[Provided data Boundary: Start]

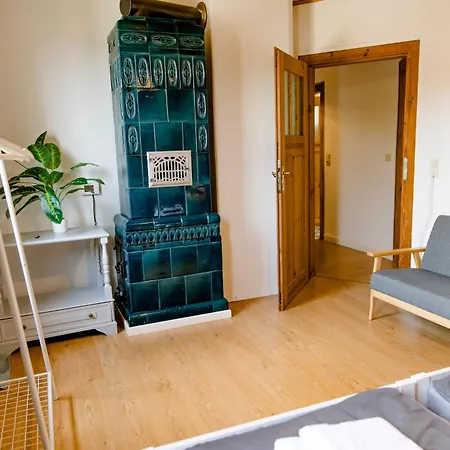 Apartment Leopold's Mit Garten Und Vesteblick Mitten In *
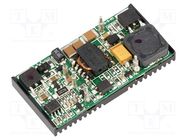 Converter: DC/DC; 10.05W; Uin: 22÷72V; Uout: 15VDC; Iout: 670mA; PCB MEAN WELL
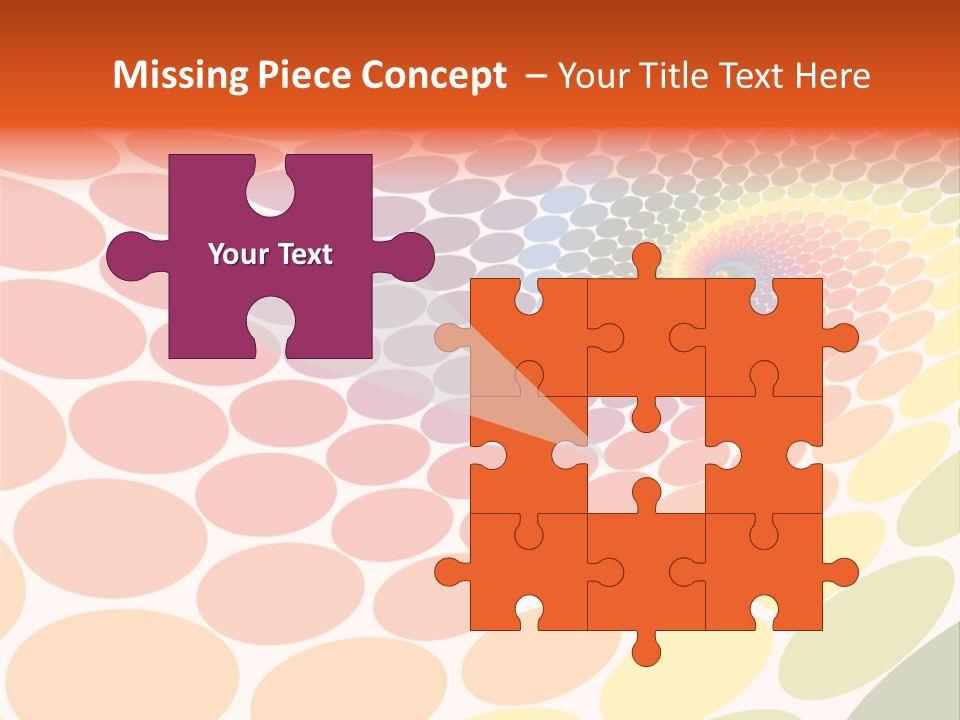 Celebration Abstract Backdrop PowerPoint Template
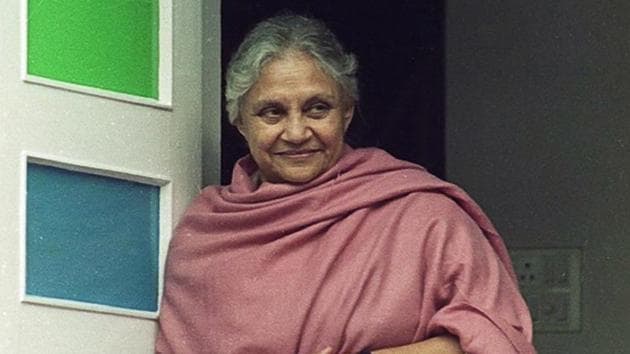 Sheila Dikshit , in her autobiography, mentions about her great craze for footwear. (Photo by Kaushik Ramaswamy / HT Archive). Sheila Dikshit , in her autobiography, mentions about her great craze for footwear. (Photo by Kaushik Ramaswamy / HT Archive).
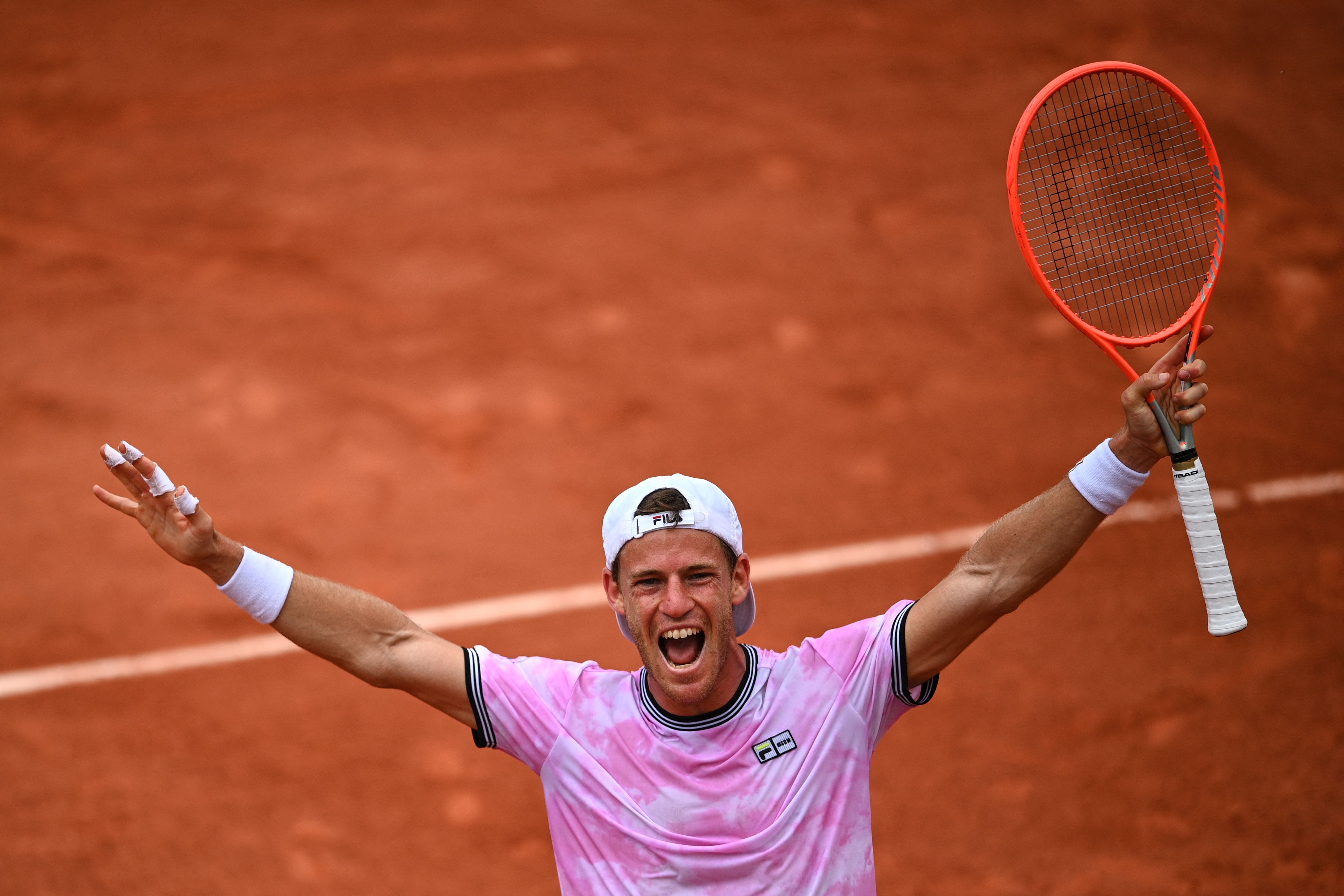 Schwartzman Siap Hadapi The King of Clay di Perempat Final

[Provided data Boundary: End]

> [Task item]
What comes back should match the records exactly, minus any pictures.

> [Exercise response]
 Apartment Leopold's Mit Garten Und Vesteblick Mitten In *
 Converter: DC/DC; 10.05W; Uin: 22÷72V; Uout: 15VDC; Iout: 670mA; PCB MEAN WELL
 Celebration Abstract Backdrop PowerPoint Template
 Sheila Dikshit , in her autobiography, mentions about her great craze for footwear. (Photo by Kaushik Ramaswamy / HT Archive). Sheila Dikshit , in her autobiography, mentions about her great craze for footwear. (Photo by Kaushik Ramaswamy / HT Archive).
 Schwartzman Siap Hadapi The King of Clay di Perempat Final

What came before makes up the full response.